Legalizing Marijuana and treating it like alcohol would no doubt be a good idea. It won't happen, for a variety of reasons.

For one thing, pot laws are federal. California can't legalize pot until the feds allow it.

For another, yes, doing so would be stepping on someone's toes. First, the moralists and authoritarians would try to shred any pol who suggested such a thing. If they were unsuccessful, there is a good chance that the drug dealers would mount a huge ad campaign, and failing that, hire a hit man.
 
Miss_Cleo.jpg

Legalizing Marijuana and treating it like alcohol would no doubt be a good idea. It won't happen, for a variety of reasons.

:rolleyes:
 
Frankly, I don't care. Don't know how much tax revenue that would generate, but he'd probably be stepping on somebody's profits in a big way. I couldn't care less if people toke all they want as long as I don't have to carry them at work or get creamed by them in traffic if they're under the influence.

http://uk.reuters.com/article/usPoliticsNews/idUKTRE54503R20090506

I can sympathize with that viewpoint.
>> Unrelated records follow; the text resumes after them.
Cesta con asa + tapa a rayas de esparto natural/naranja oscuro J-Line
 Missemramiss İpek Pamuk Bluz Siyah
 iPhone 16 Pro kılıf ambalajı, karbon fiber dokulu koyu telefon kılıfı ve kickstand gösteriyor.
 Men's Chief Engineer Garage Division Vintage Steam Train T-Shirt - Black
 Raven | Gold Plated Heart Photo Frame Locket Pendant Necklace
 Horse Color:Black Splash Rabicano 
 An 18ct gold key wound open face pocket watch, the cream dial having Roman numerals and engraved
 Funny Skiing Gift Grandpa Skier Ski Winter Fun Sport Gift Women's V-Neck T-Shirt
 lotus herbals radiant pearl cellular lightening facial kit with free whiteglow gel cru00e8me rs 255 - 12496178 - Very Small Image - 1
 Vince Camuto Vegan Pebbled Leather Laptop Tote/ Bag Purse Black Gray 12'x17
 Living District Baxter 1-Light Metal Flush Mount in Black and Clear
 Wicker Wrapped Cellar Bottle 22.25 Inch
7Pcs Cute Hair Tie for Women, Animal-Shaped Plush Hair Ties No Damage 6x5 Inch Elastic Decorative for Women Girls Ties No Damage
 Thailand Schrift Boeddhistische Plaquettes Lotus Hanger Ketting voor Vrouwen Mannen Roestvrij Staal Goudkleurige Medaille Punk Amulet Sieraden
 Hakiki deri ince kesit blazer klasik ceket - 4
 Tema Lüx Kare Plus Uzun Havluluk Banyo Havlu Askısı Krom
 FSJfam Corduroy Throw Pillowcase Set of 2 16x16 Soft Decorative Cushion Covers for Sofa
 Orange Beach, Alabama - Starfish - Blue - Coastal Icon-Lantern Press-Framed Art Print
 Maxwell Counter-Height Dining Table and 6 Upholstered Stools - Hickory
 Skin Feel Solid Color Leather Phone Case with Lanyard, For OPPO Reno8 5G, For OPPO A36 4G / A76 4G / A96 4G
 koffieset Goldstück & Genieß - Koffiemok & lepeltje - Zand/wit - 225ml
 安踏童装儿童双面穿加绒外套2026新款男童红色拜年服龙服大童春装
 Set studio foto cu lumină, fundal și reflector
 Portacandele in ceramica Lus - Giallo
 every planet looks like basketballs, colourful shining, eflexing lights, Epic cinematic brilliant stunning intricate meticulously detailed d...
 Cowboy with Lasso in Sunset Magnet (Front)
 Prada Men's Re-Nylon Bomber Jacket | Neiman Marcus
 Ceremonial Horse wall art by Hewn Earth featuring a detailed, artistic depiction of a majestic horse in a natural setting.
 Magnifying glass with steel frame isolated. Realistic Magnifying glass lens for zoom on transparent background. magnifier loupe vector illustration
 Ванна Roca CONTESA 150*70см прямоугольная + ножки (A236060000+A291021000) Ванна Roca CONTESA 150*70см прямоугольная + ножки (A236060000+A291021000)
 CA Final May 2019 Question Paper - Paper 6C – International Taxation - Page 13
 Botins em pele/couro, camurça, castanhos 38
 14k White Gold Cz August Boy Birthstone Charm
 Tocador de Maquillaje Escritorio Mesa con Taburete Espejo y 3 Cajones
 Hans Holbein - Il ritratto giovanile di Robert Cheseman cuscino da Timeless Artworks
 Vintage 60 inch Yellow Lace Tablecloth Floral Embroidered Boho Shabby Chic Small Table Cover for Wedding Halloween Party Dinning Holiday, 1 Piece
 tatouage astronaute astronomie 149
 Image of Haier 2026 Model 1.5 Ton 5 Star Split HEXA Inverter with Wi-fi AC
Let's make them fully responsible for what they do while under the influence, and ease the tax burden on the rest of us.
 
There are some really interesting ways that it could help address some of the serious issues California finds itself in, and certainly one of them would be through decriminalizing measures and finding a reasonable way to tax it, at nearly every level, but also still have the safeguards in place to protect the public.

I think key to it would be regulating it through its individual usage, and ensuring that it is still illegal to drive under the influence, and setting an age limit, some places off limits to consume etc. There are a few examples from other places around the world that certainly could serve as a working model, and tweak that as needed to suit California or American systems.

Then this will lift a much needed burden in the court and penal systems. Not to mention the time and change of focus that law enforcement could be had in not arresting otherwise law abiding citizens for having a joint.
 
Legalizing Marijuana and treating it like alcohol would no doubt be a good idea. It won't happen, for a variety of reasons.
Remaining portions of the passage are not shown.